_Recorded information_.
******************************
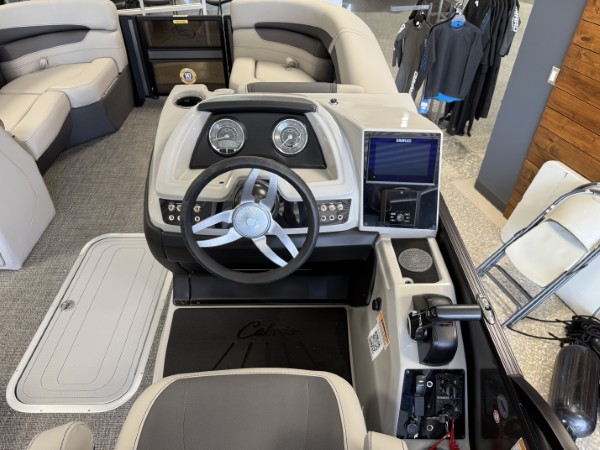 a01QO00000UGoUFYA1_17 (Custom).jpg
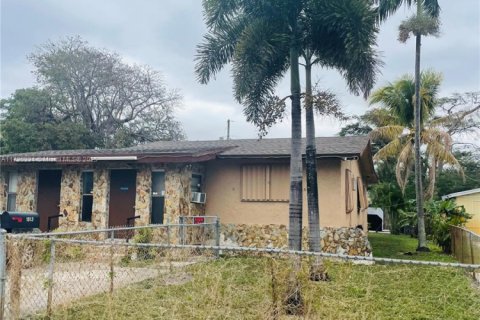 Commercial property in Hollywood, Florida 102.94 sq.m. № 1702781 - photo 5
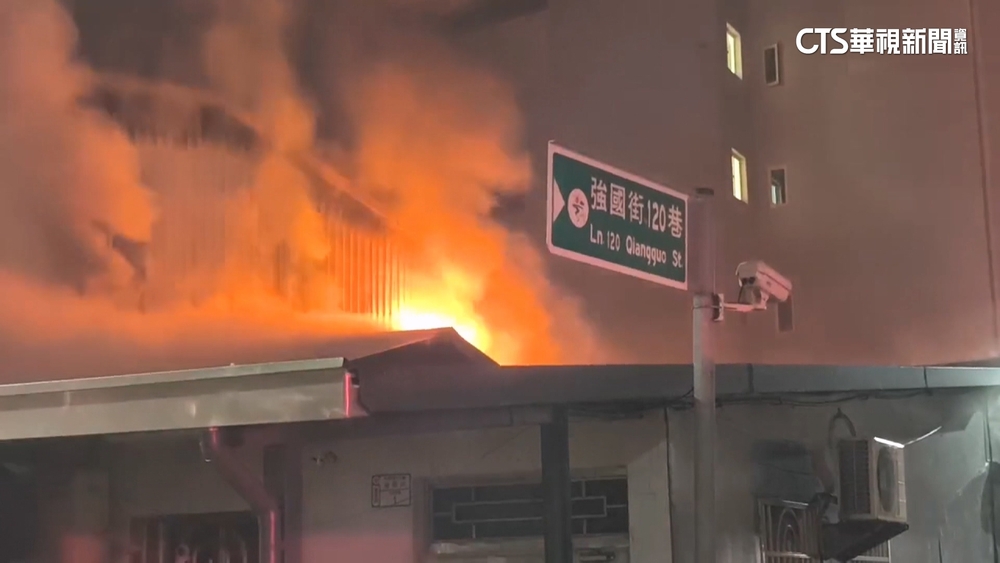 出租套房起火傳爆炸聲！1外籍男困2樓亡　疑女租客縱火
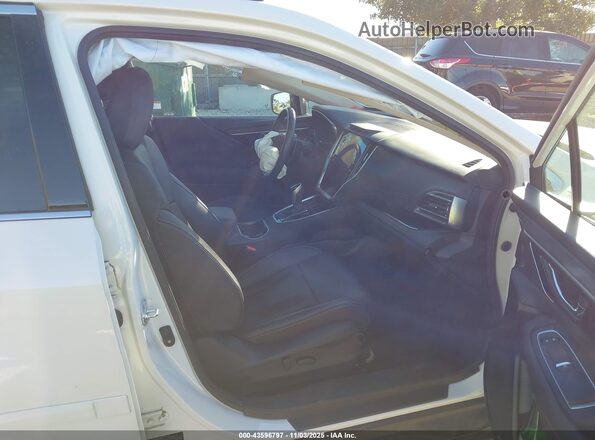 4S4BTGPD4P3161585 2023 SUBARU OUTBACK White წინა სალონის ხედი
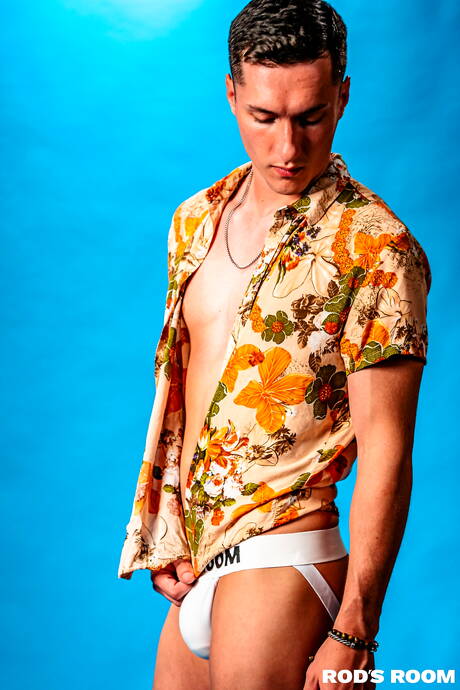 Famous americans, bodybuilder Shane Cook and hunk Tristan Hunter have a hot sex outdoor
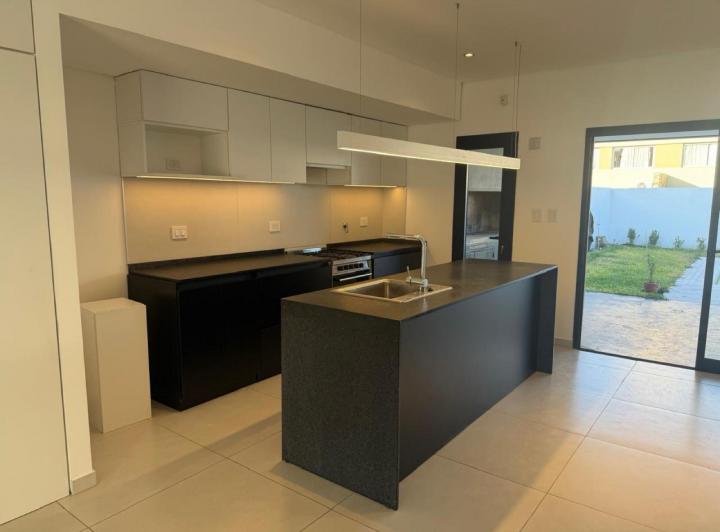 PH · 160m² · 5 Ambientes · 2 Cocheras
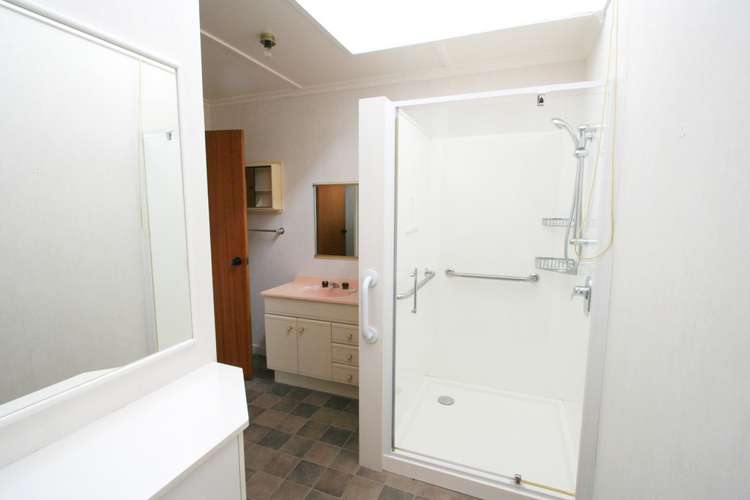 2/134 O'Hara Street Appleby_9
******************************
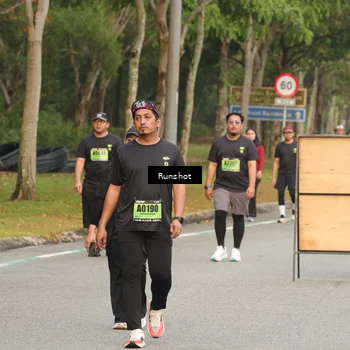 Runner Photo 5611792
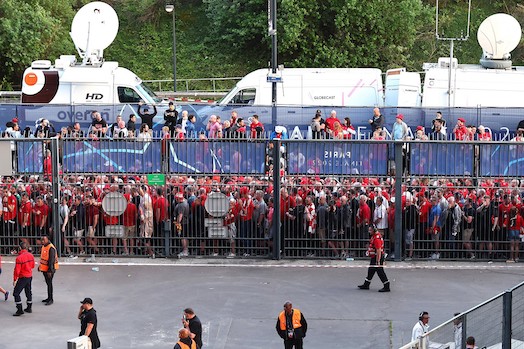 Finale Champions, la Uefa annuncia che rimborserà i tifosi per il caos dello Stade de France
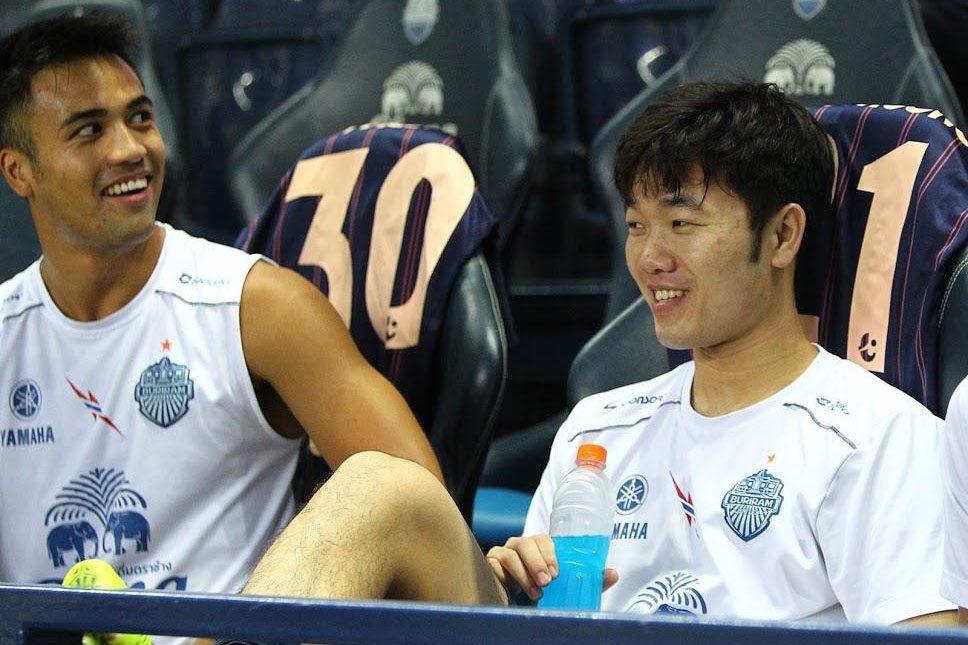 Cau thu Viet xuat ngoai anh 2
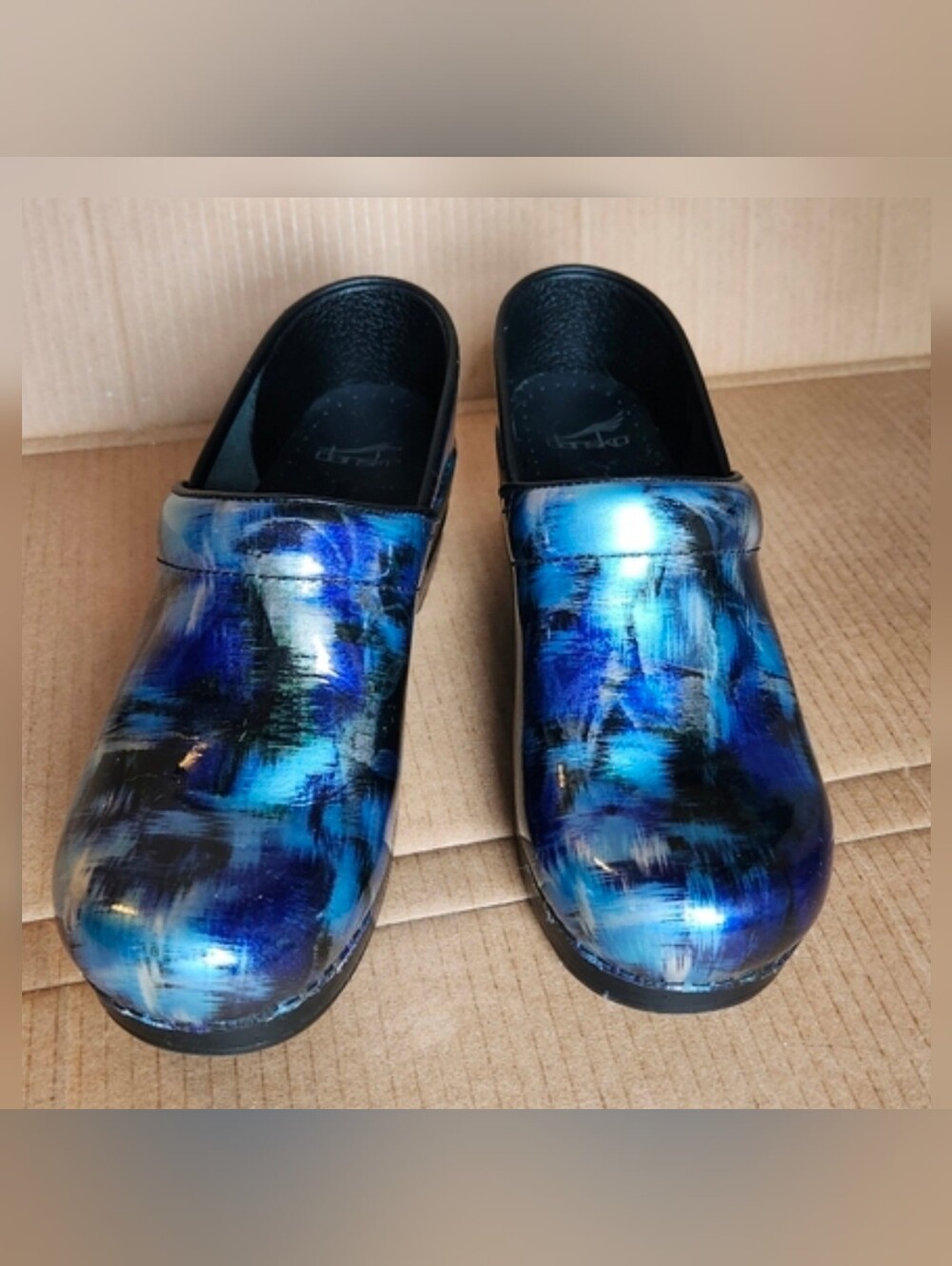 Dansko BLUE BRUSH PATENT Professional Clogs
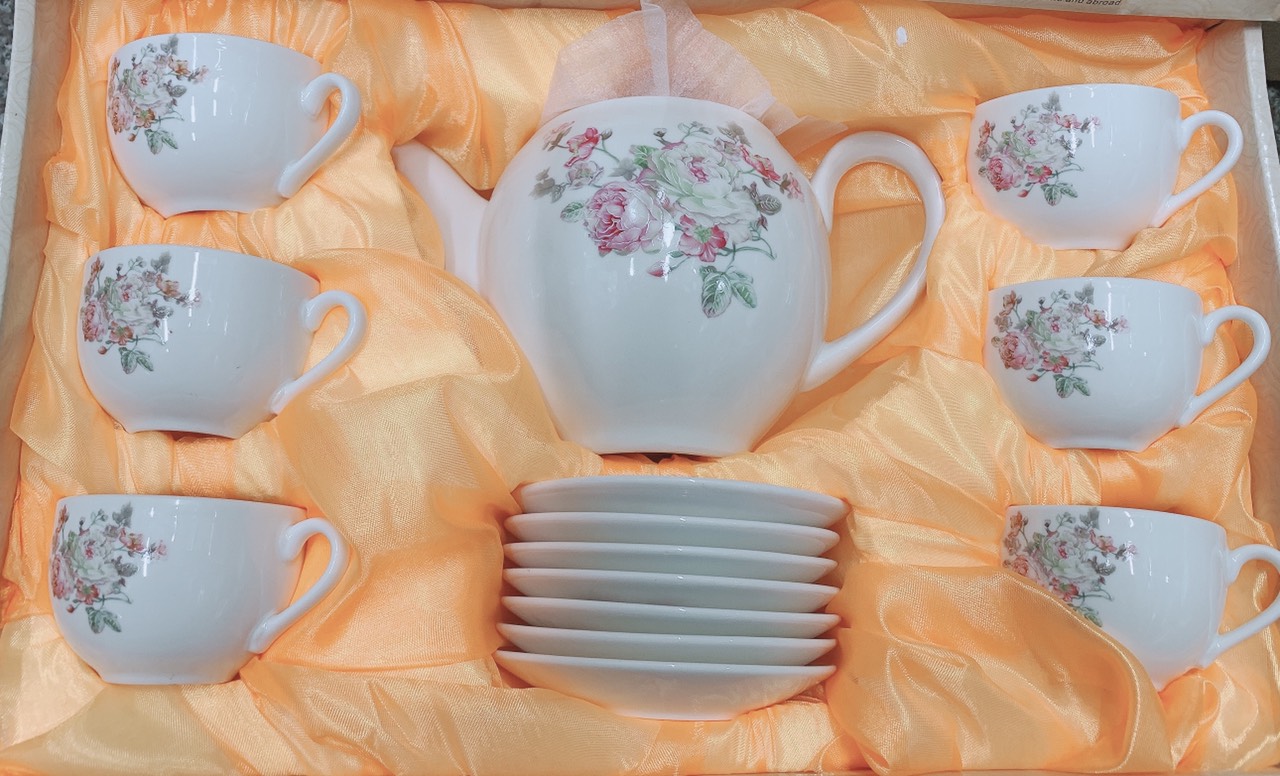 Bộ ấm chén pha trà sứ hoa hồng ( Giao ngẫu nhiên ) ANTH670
******************************
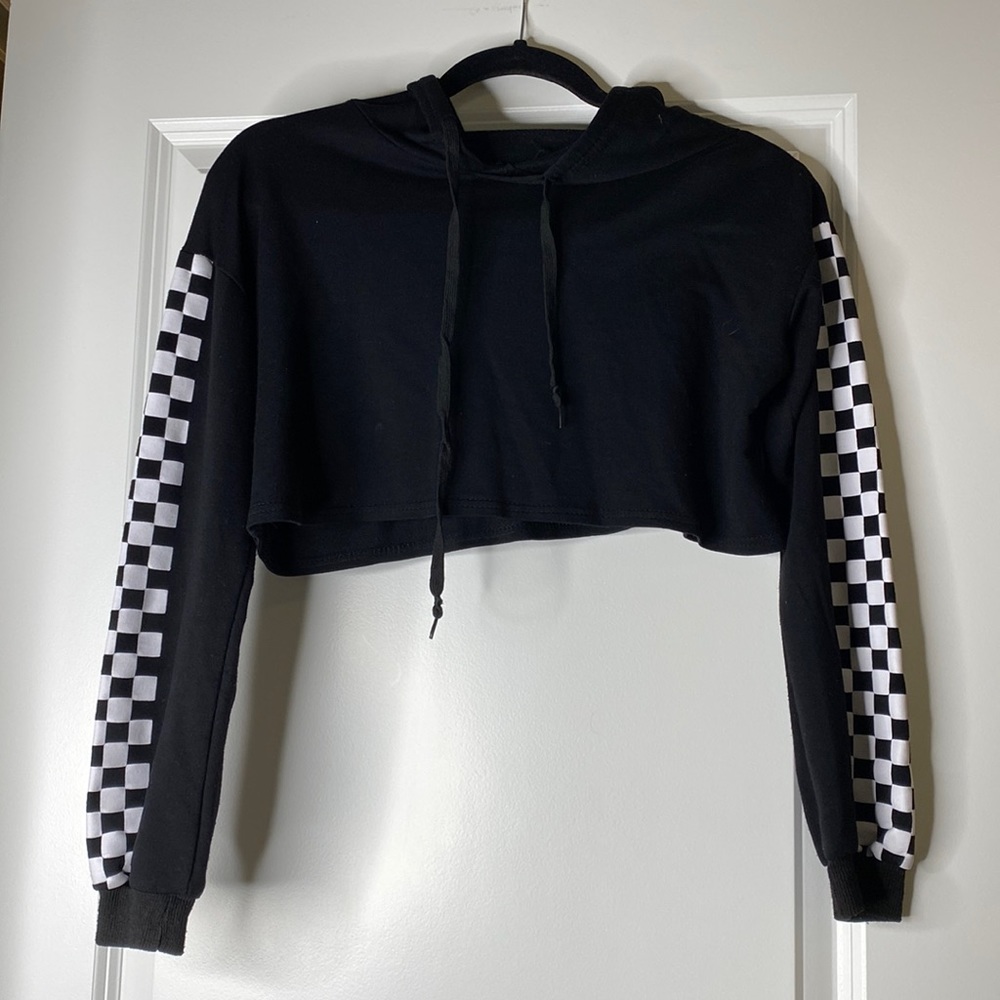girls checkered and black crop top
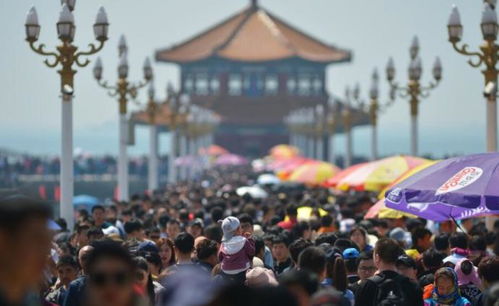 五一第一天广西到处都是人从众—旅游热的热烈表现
******************************
_Task statement_.
Both the line containing "Cau thu Viet xuat ngoai anh 2" and the line containing "Bộ ấm chén pha" above belong in the output, as do the lines between them. Print them exactly, without pictures.

_Response for this exercise_.
 Cau thu Viet xuat ngoai anh 2
 Dansko BLUE BRUSH PATENT Professional Clogs
 Bộ ấm chén pha trà sứ hoa hồng ( Giao ngẫu nhiên ) ANTH670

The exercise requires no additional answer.